With that as considerations we looked into the possibility from the technology standpoint and we saw the potential that the cloud services could give us. The simplicity in the infrastructure operations gave these ideas:

Each of the data platforms would have their own airflow scheduler and webserver.
This airflow would use KubernetesPodOperator as the executor. That would provide us the scalability and elasticity without worrying about the possibility of users fighting for resources.
Each of the data platforms would have their own storage, be it Google Cloud Storage or BigQuery.
Other than KubernetesPodOperator, we also provided the ability in the platform to use Spark cluster powered by Qubole.
Although the platform was decentralised, we still provided a centralised access to the data to avoid any confusion for our users to access it.

We implemented those ideas and provided a clear expectation that each of the data platforms would be owned by the tribe and data engineers would be there to support it from the technical standpoint.

D. Improve monitoring capability

As part of our pain points, we spent some fair amount of our energy to make sure that we monitored the right metrics, especially the actionable ones. We started by improving the services metrics. At the same time, transformation was also happening on the other part of the technology division and monitoring was part of it. Therefore, there was a clear standard on how a monitoring of a particular service should be built. We just followed that standard.
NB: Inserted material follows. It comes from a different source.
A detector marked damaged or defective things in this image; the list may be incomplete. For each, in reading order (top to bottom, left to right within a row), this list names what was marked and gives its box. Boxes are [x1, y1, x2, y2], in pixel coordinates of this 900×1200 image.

The other type of monitoring that we also improved was the data platform usage monitoring. As stated previously, it was difficult for us to monitor what jobs were submitted into our platform. We were blessed with the level of support from services that we used like Qubole, BigQuery, and Google Cloud Storage. They provided so many logs that we could use to build a monitoring dashboard or even a report. Since the start of using those services we had so many analyses that would turn into solutions on how to improve the experience of our users using the platform.

Engineering Best Practice

In order for us to transform successfully, we couldn’t just rely on the architecture transformation, we also needed to transform the mindset of the engineers. The most important thing was about how we developed, tested, and delivered the service to our users. With that in mind, there were several aspects that we should change.
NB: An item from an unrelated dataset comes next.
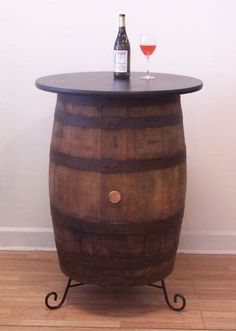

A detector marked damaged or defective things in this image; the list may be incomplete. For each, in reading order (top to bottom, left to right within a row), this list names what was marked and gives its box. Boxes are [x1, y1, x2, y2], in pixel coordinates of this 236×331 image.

rusty metal band [54, 109, 183, 130]
rusty metal band [49, 148, 186, 174]
rusty metal band [50, 206, 184, 237]
rusty metal band [55, 246, 177, 272]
A. Automated tests and refactoring

In my early days at Bukalapak, I stated clearly what I expected from the engineers, especially on writing automated tests and code refactoring. Since then, the change was gradually starting to happen. We would have less and less testable code without unit tests merged into the master branch. Engineers were getting more proactive to provide their suggestions in the code review, including the suggestions about code refactoring. Specific initiatives around code refactoring emerged slowly and were put in the sprint planning. I could see that the engineers really understood why we needed to do this as well as the benefit for the services and for themselves.

B. Automate other development operations

To avoid unnecessary repetitive operation or even human error, we needed to implement automations in many areas, one of them was the development automations. What I mean with development automations is all the automations that we need for us to move the changes after it is merged, get deployed to the staging environment and tested, and until it is deployed to the production environment.
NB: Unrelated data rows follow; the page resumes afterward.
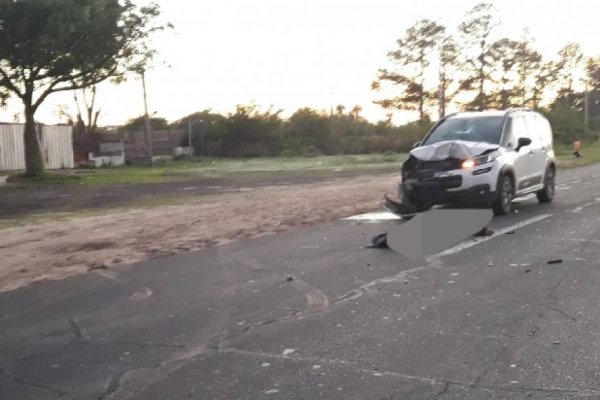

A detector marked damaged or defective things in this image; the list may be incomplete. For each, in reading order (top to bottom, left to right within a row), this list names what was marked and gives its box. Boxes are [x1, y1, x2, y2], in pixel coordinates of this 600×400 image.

broken headlight [462, 151, 500, 168]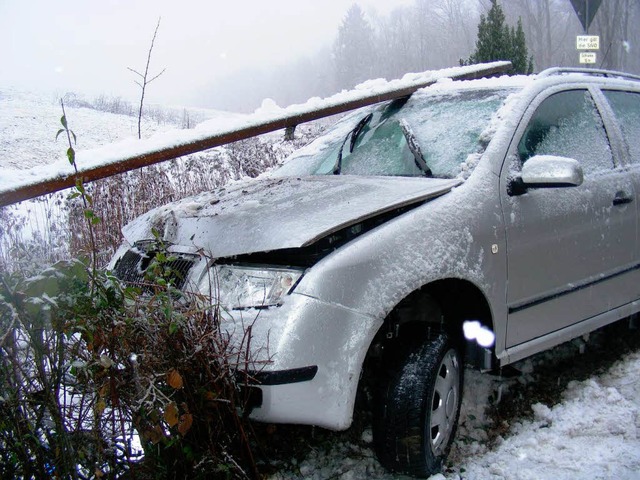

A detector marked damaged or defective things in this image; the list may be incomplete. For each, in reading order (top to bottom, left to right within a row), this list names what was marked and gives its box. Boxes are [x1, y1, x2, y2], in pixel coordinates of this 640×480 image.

broken front grille [114, 246, 196, 290]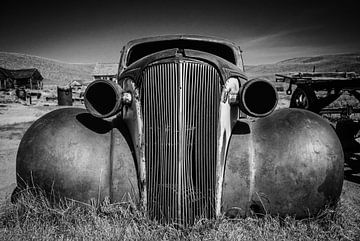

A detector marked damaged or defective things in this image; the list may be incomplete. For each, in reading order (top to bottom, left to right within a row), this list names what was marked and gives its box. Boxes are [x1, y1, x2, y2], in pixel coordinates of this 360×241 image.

rusted car body [14, 34, 344, 225]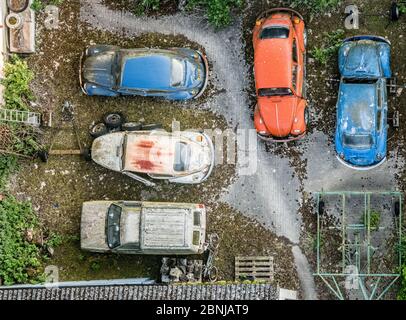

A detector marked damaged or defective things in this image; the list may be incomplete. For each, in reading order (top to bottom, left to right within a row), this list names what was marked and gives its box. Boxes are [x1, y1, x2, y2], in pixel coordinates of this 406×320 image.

With that we could just click a button to deploy our changes to the staging environment and got it tested with the automated integration tests that we already wrote. And another click of a button to deploy the changes to the production environment.

C. Reliable staging environment

Unit tests were not enough, we still needed to do some integration tests that would mimic the behavior of the production system. Therefore, we needed a staging environment that would support us to do so. It is not that we didn’t have a staging environment previously, but we just didn’t use it. One of the expectations from the change was for us, the engineers, to always make sure that the code was well tested in the staging environment before we could deploy it to the production system.

D. No more manual infrastructure operations

Another automation aspect that we also needed to improve was the infrastructure operations. Things like provisioning a machine, performing a maintenance operation on the database, or even decommissioning a machine, everything should be in code and executable. When they are written in code, then we could easily put it in a pipeline which we could easily trigger. This way we could avoid unnecessary human error when performing any infrastructure operation activities. Not only that, we could also test it first in the staging environment, just to make sure we already did the right thing before actually executing it in the production environment.

Better Communication

Another non-technical aspect that also took an important role in the success of this transformation was communication. We reset the communication quality between the data engineers and our users. We had a regular sync up which we used to share updates and feedback. Not only sync up, but we also built a clear communication channel for our users to easily report or deliver their feedback to us. We also added an additional clear expectation of what an on-call engineer should do which was to help address those issues/feedback/problems that our users shared through that channel. That attempt was very helpful to build the trust between data engineers and our users. Most importantly, it also helped us to get buy in from our users on why we needed to make this transformation.

How It Looks Like Today

The Current Data Platform Architecture — **Figure 2.** The Current Data Platform Architecure

Fast forward to the present time, figure 2 shows the high level architecture of how our data platform looks like now. It doesn’t change significantly from the component standpoint because we still need those components, but indeed the implementation has changed significantly. In the CDC part, we’re now using the custom made CDC that replaced debezium. It runs a lot more reliably now. We’re still using Apache Kafka as the message queue system, but in other parts of the system we also use Google Cloud Pub/Sub. As for the streaming system, we write the logic with Apache Beam and deploy it in Google Cloud Dataflow. It saves a lot of our time and energy to deal with the infrastructure.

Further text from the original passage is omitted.